14
votes

I am using scikit-learn Multinomial Naive Bayes classifier for binary text classification (classifier tells me whether the document belongs to the category X or not). I use a balanced dataset to train my model and a balanced test set to test it and the results are very promising.

This classifer needs to run in real time and constantly analyze documents thrown at it randomly.

However, when I run my classifier in production, the number of false positives is very high and therefore I end up with a very low precision. The reason is simple: there are many more negative samples that the classifer encounters in the real-time scenario (around 90 % of the time) and this does not correspond to the ideal balanced dataset I used for testing and training.

Is there a way I can simulate this real-time case during training or are there any tricks that I can use (including pre-processing on the documents to see if they are suitable for the classifer)?

I was planning to train my classifier using an imbalanced dataset with the same proportions as I have in real-time case but I am afraid that might bias Naive Bayes towards the negative class and lose the recall I have on the positive class.
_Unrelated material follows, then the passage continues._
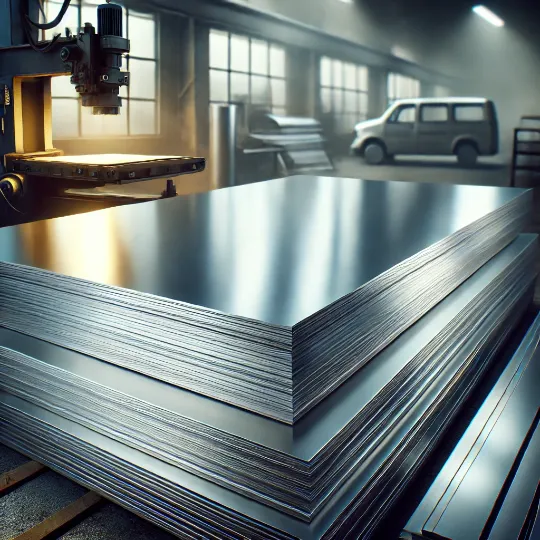 Особенности и назначение алюминиевой чушки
Any advice is appreciated.

3
I think that you know the problem and the solution. You need to provide a sampling database of your real scenario. However did you try a cross-validation technique?gustavodidomenico
I use cross-validation to pick my model parameters (smoothing parameter, for example). I have read that an imbalanced dataset is not good for Naive Bayes, would you still recommend it? Then wouldn't it just classify everything as negative?Erol
I think that all classification algorithm won't perform well in a unbalanced data set with a balanced training sampling. The unbalanced data set is a common problem in data mining. I would recommend you to search ways to improve your dataset. However I am sure that you will get a better result using a decision tree based algorithm like Cart or J48. Have you ever tried?gustavodidomenico
About the "everything negative" will depend on your calibration. Do you know the WEKA tool?gustavodidomenico
I'ld ask in stats.stackexchange.com as well.Dominik Antal

3 Answers

11
votes

You have encountered one of the problems with classification with a highly imbalanced class distribution. I have to disagree with those that state the problem is with the Naive Bayes method, and I'll provide an explanation which should hopefully illustrate what the problem is.

Imagine your false positive rate is 0.01, and your true positive rate is 0.9. This means your false negative rate is 0.1 and your true negative rate is 0.99.
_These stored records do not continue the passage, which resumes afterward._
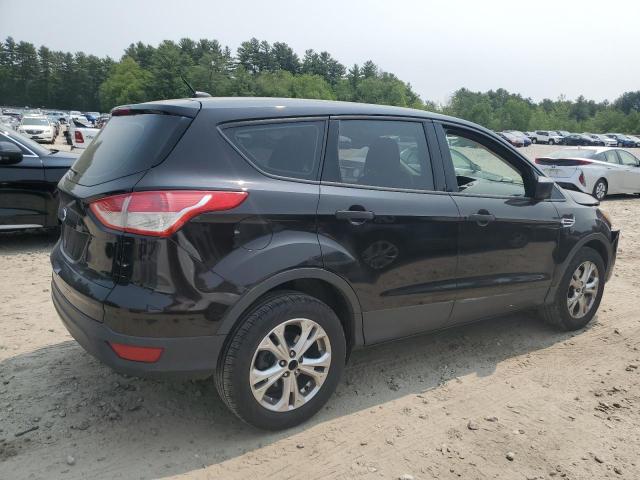 Vin: 1fmcu0f78dud80950, lot: 59462065, ford escape s 20133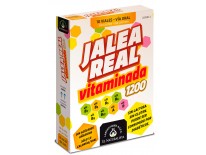 JALEA REAL Vitaminada 1200
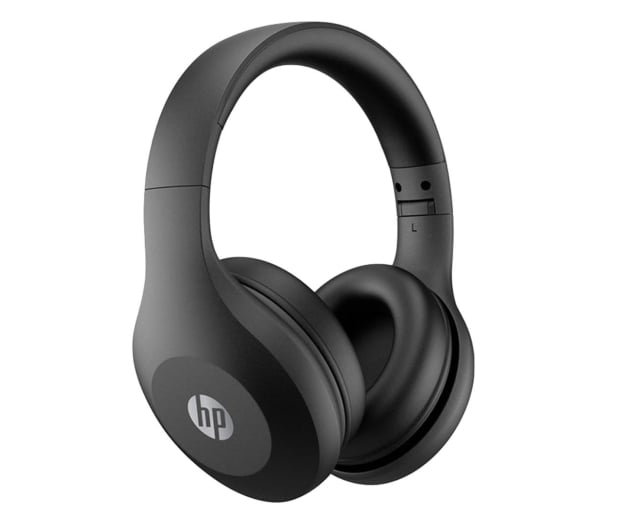HP M27fd + Bluetooth 500 - 1164301 - zdjęcie 7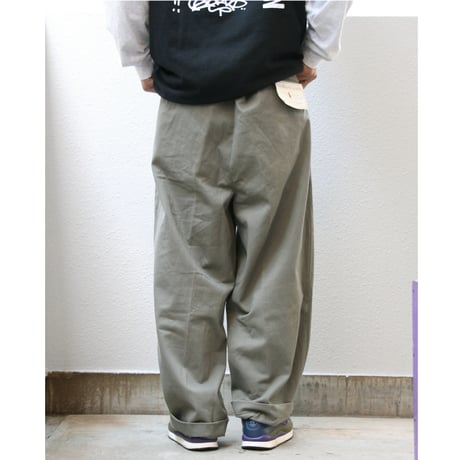 Polo Ralph Lauren Pants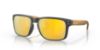 Picture of Oakley Sunglasses HOLBROOK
Imagine an idealised test scenario where you have 100 test cases from each class. You'll get (in expectation) 1 false positive and 90 true positives. Great! Precision is 90 / (90+1) on your positive class!

Now imagine there are 1000 times more negative examples than positive. Same 100 positive examples at test, but now there are 1000000 negative examples. You now get the same 90 true positives, but (0.01 * 1000000) = 10000 false positives. Disaster! Your precision is now almost zero (90 / (90+10000)).

The point here is that the performance of the classifier hasn't changed; false positive and true positive rates remained constant, but the balance changed and your precision figures dived as a result.

What to do about it is harder. If your scores are separable but the threshold is wrong, you should look at the ROC curve for thresholds based on the posterior probability and look to see if there's somewhere where you get the kind of performance you want. If your scores are not separable, try a bunch of different classifiers and see if you can get one where they are (logistic regression is pretty much a drop-in replacement for Naive Bayes; you might want to experiment with some non-linear classifiers, however, like a neural net or non-linear SVM, as you can often end up with non-linear boundaries delineating the space of a very small class).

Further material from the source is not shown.